I take a sip of my drink too, but I’ll admit, it makes me feel a little sad that today was just that: a bit of freeing incognito sex, a hook up, a one-night type of liaison that I’ll remember fondly in years to come but really doesn’t have much substance beyond this week. She’s French. The geography is way off. It feels like such a waste of good chemistry.
‘My mate Steve had a fling with a girl when he was in Greece. Brought her over and tried to make a thing of it. Married her and everything,’ Wrighty says. I marvel at how he can tell this story but also down his pint at the same time.
‘So it worked out then?’ I ask him.
‘God no. They had mad sex but she was a bit of a loon. She set fire to his car once so he couldn’t come down the pub.’
‘Oh,’ I reply.
‘Yeah, holiday romances rarely have happy endings. Most of the time, it’s someone wanting a green card, gold diggers, or the passion fizzles. It don’t translate to reality,’ Wrighty continues. ‘It’s sun, sea and unlimited sex versus grey, bills and who’s going to take out the bins for the rest of your lives.’ If I ever needed a reality check, I think I may have just got one here from Wrighty who’s at least three pints deep. He looks up from his drink, a worried expression on his face. ‘You didn’t give her any money, did you?’

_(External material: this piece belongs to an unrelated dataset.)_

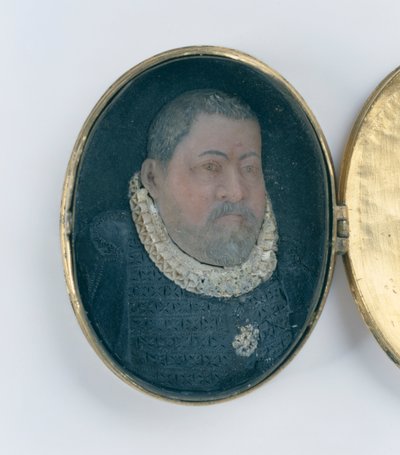 المنجد الذي يحتوي على صورة مصغرة من الشمع لـ Landgrave Wilhelm IV (الفضة المطلية بالذهب والشمع) (تفاصيل 312102 و 312135) بواسطة المدرسة الألمانية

‘I bought her a hooded towel and some ten-euro flip flops,’ I recount.
‘That’s a shit gift. And she still slept with you?’ Wrighty laughs.
The problem is I don’t think she’s like that at all. I hate to think I’m the exception but there seemed to be something there, maybe even beyond the sex.

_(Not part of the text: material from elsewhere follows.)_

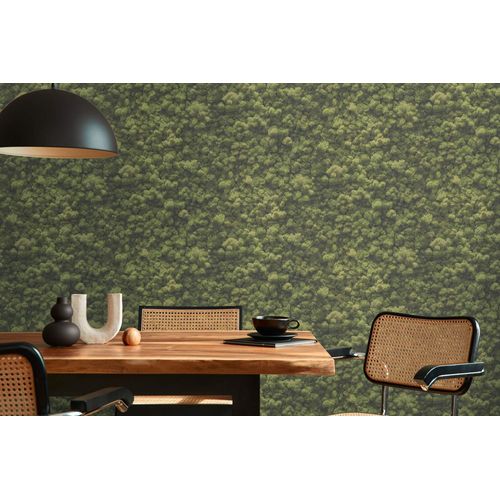 Papier peint nature Profhome 394051-GU papier peint intissé gaufré à chaud légèrement texturé avec des ornements floraux mat vert vert-mousse 5,33 m2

‘French birds too. They blow hot and cold, you know? I wouldn’t go there myself. Hard work, mate,’ Andy adds.
I nod, disbelievingly given all his obvious worldly experience with women.

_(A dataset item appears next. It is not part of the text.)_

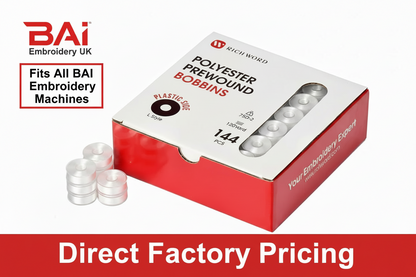 Richword Pre-Wound Bobbins White x 144 120w 75D/2 plastic sided L-style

‘But…you know…if it is something then I am sure you could make it work,’ Max says, coming to sit at my end of the table to hear more. Little Max who’s getting married soon so he’s loved up, and in a space to think anything is possible. I like hearing his comments. Maybe there might be something worth exploring at the end of all this. I think about the feeling of her lips pressed against mine. I really hope there might be. Maybe tomorrow I’ll find out.
‘RIGHT, COWBOYS! YEE-HAW!’ a DJ’s voice booms over the loudspeakers. ‘WE NEED OUR STAGS AND OUR HENS AND OUR COWBOYS AND COWGIRLS TO COME AND TAKE ON THE CHALLENGE OF THE BULL. WHO WANTS TO GO FOR A RIDE?’
Christ alive, we’ve not even eaten yet. This restaurant is full of parties like ours and a roar fills the room as everyone seems to be here for the meat and to get tossed off. A mechanical bull, that is. Andy being Andy starts rattling the tables and then gradually starts a chant of Max’s name that reverbs around the room. Max, Max, Max. He’s in a T-shirt and shorts so hardly dressed for the occasion but he stands to his chair, firing fake guns. I have to laugh. Maybe after such a poor start to his stag do yesterday, the man has to have his moment.
‘We have a young man there? Stella! Head to that man over there!’ A woman rocks up with a cowboy hat and a microphone so he can make a fool of himself in front of the whole restaurant. ‘What’s your name?’